Landscapes: The Wideshot

Landscapes at their best should be as tracking shots. The viewer's eye the camera -- moving from one point of emphasis to another, unable to grasp the composition as a whole with one simple glance. By doing this you are introducing time to what was simply space.

View of Toledo in a Storm, 1600/1610 by El Greco

The Shining, 1980 by Stanley Kubrick

Saturday, June 11, 2011

Legacies

TRON: Legacy (2010)


Last year's TRON: Legacy marked a large step in our cinematic culture. It signified a loss of reverence for the images of the Hollywood vernacular. The question no longer concerns the ethics of exploring the boundaries outside the frame, but rather the boundaries of life and death (time and space) as they exist in the lexicon of our language of images.

We as filmmakers and as a culture have long since been able to see anything we want on screen. Any desire we wish to project can indeed be projected in light and shadows. What has stopped us from exploiting our seemingly limitless grasp of the computer generated image is an arbitrary sense of reverence; an ethical barrier that has, for instance, prevented us from remaking Gone With The Wind in glorious high definition with a cast of computer generated dead celebrities. These images are deified through memory. A fourth generation nostalgia attached to a period in time and a sense of aesthetics.

TRON: Legacy is a step in the right direction. A film that, without remorse, has resurrected a person that existed in a series of finite spaces (frames), and ceases to exist today outside of memory (however repeatable those frames may be). The Jeff Bridges of the past is pit in a duel against his present self, a self that now preserved ceases to age.

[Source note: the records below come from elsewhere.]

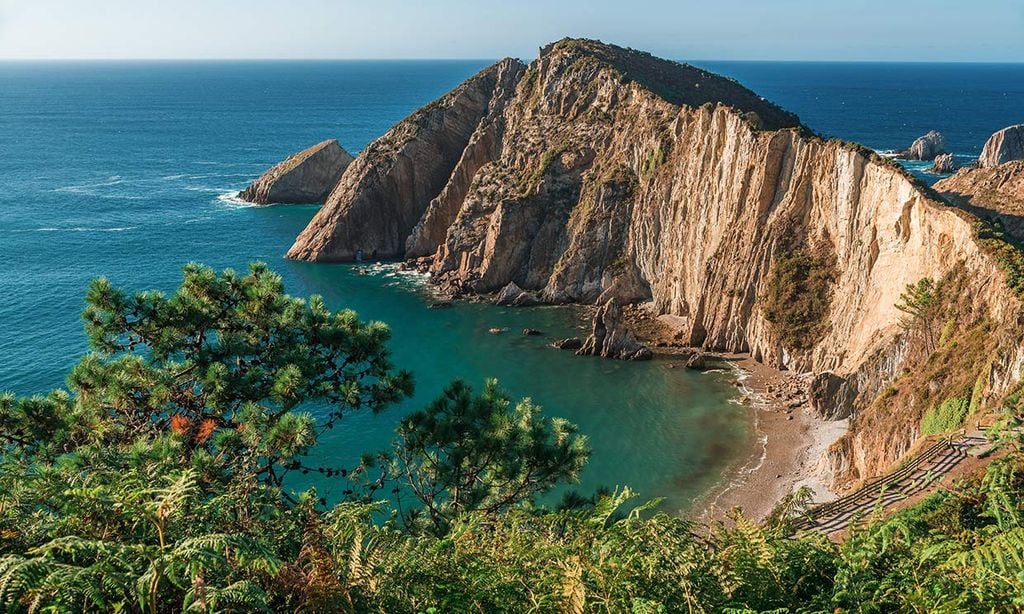 El Silencio, la playa más dramática de la costa asturiana 
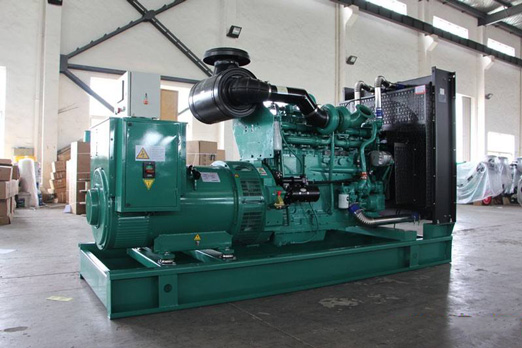 巴林右320kw康明斯柴油发电车出租组图片 巴林右320kw康明斯柴油发电车出租组图片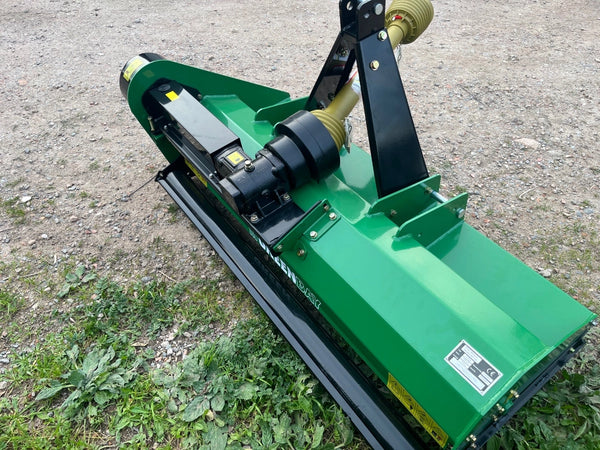 GreenBay FML 135 Schlegelmulcher 133 cm, im Einsatz bei einem Anwender (Foto 3)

A battle between a memory and a memory of a memory; essentially a mirror of Hollywood's duel of ethics. The comfort found in the inevitability of aging in our Hollywood relics ("the ethical") vs. the possibility of an ageless, imortal movie star ("the unethical"). The cinema has allowed us to defy the laws of nature, but we are now allowing ourselves to defy our misplaced sense of ethics concerning a reverence for the antiquated. Unwritten guidelines rooted in an invented nostalgia.

When we lose this reverence for the image we can break the image; opening it to deconstruction. The creation of a 'cinema of paradox.' Real/synthetic, aging/ageless, mortal/imortal, etc. Images that at one point existed simply as images (juste une image) now contain an inherent plurality, because of the paradoxes they suggest (une image juste). The cinema in coming years will find itself as a reference point for intersecting histories. A visual accumulation of all that preceded it, as well as the memories and nostalgia, invented or otherwise, that an audience will unwittingly project back towards the screen. The culmination of which is memory projected onto its signifier.